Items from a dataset
-- Opening Marker --
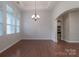Dining room featuring hardwood floors, a modern chandelier, and arched doorway at 968 Autumn Glen Ct, Clover, SC 29710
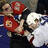 Two hockey players in red and white jerseys collide on ice with a bright red background displaying blue text.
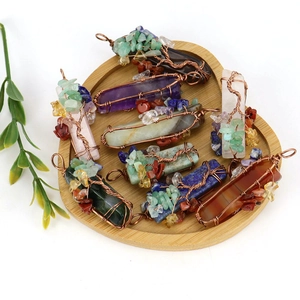 Handmade tree of life crystal pendants in heart-shaped wooden tray with natural stones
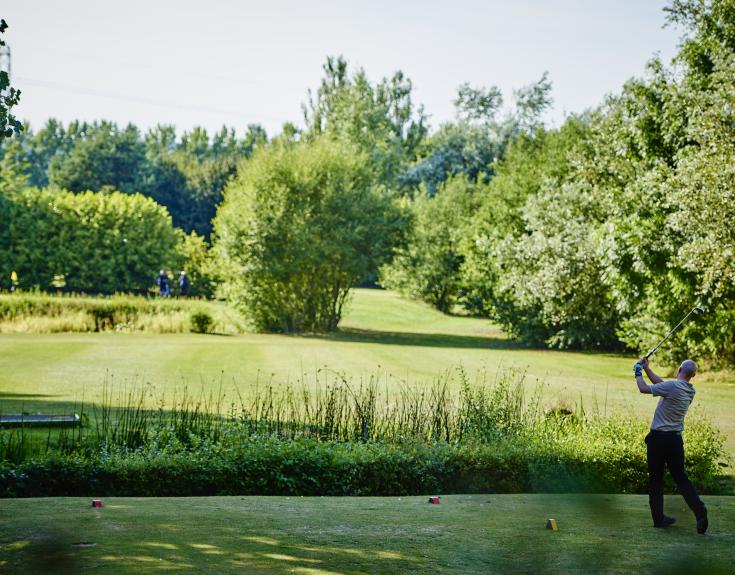 Man playing golf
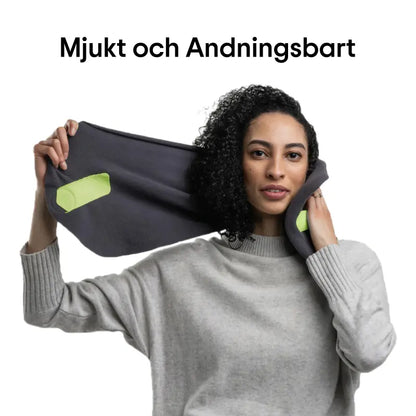 Kvinna håller upp ErgoNack ergonomisk nackkudde och visar det mjuka andningsbara materialet — lätt att linda runt nacken för bekvämt stöd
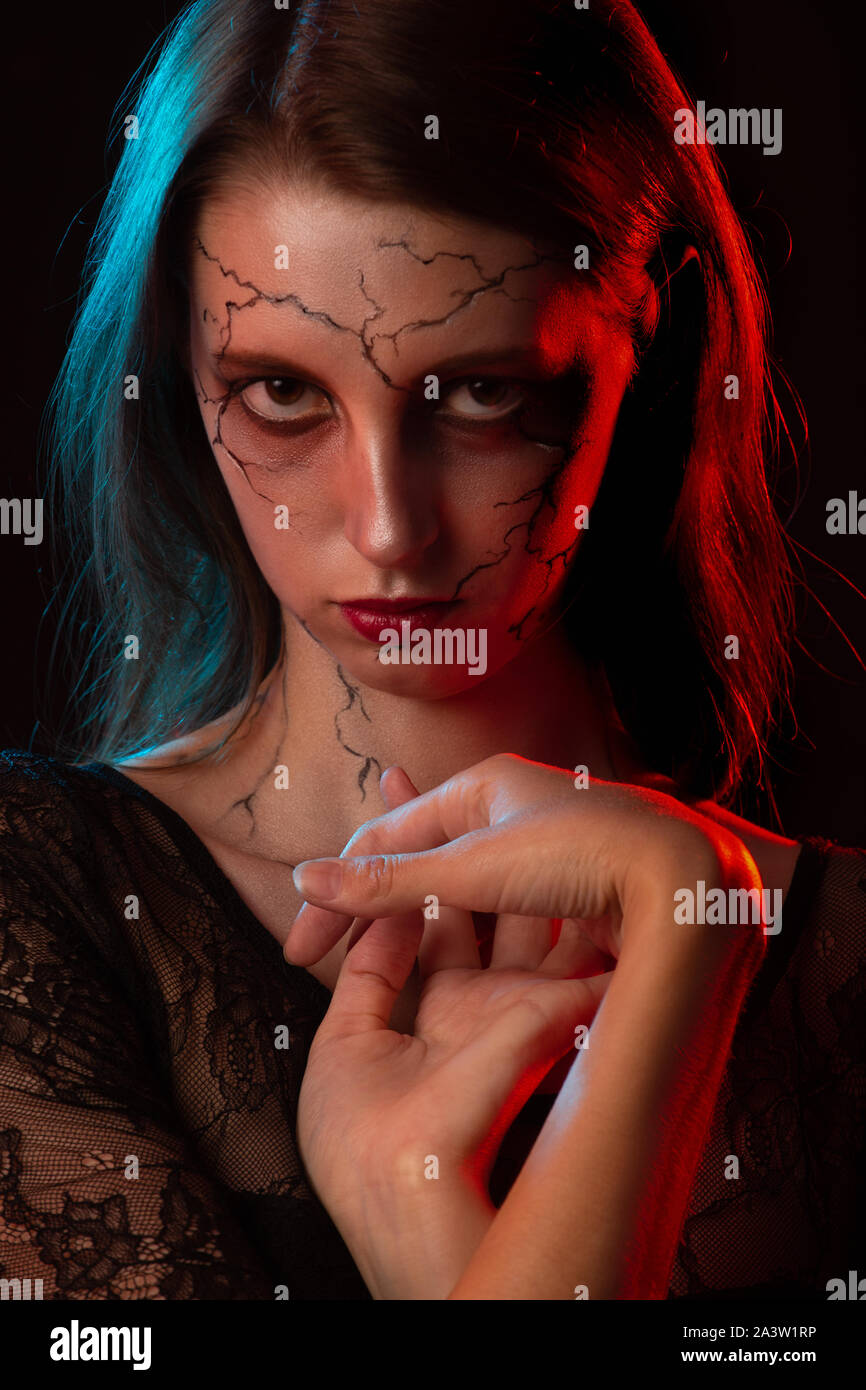 serious young woman with halloween makeup om black background with red  lighting looking at camera Stock Photo - Alamy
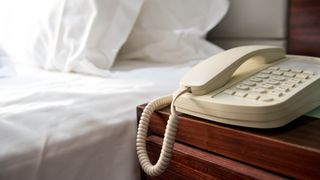 A phone by the bed in a hotel room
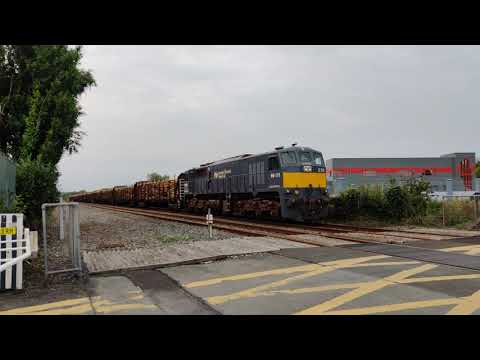 Irish Rail 071 Class Loco Number 078 hauling the Timber Wagons past Newrath Level Crossing..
-- Closing Marker --
**EXERCISE INSTRUCTIONS**
Write the records above out again word for word, skipping each picture.

**TASK SOLUTION**
Dining room featuring hardwood floors, a modern chandelier, and arched doorway at 968 Autumn Glen Ct, Clover, SC 29710
 Two hockey players in red and white jerseys collide on ice with a bright red background displaying blue text.
 Handmade tree of life crystal pendants in heart-shaped wooden tray with natural stones
 Man playing golf
 Kvinna håller upp ErgoNack ergonomisk nackkudde och visar det mjuka andningsbara materialet — lätt att linda runt nacken för bekvämt stöd
 serious young woman with halloween makeup om black background with red  lighting looking at camera Stock Photo - Alamy
 A phone by the bed in a hotel room
 Irish Rail 071 Class Loco Number 078 hauling the Timber Wagons past Newrath Level Crossing..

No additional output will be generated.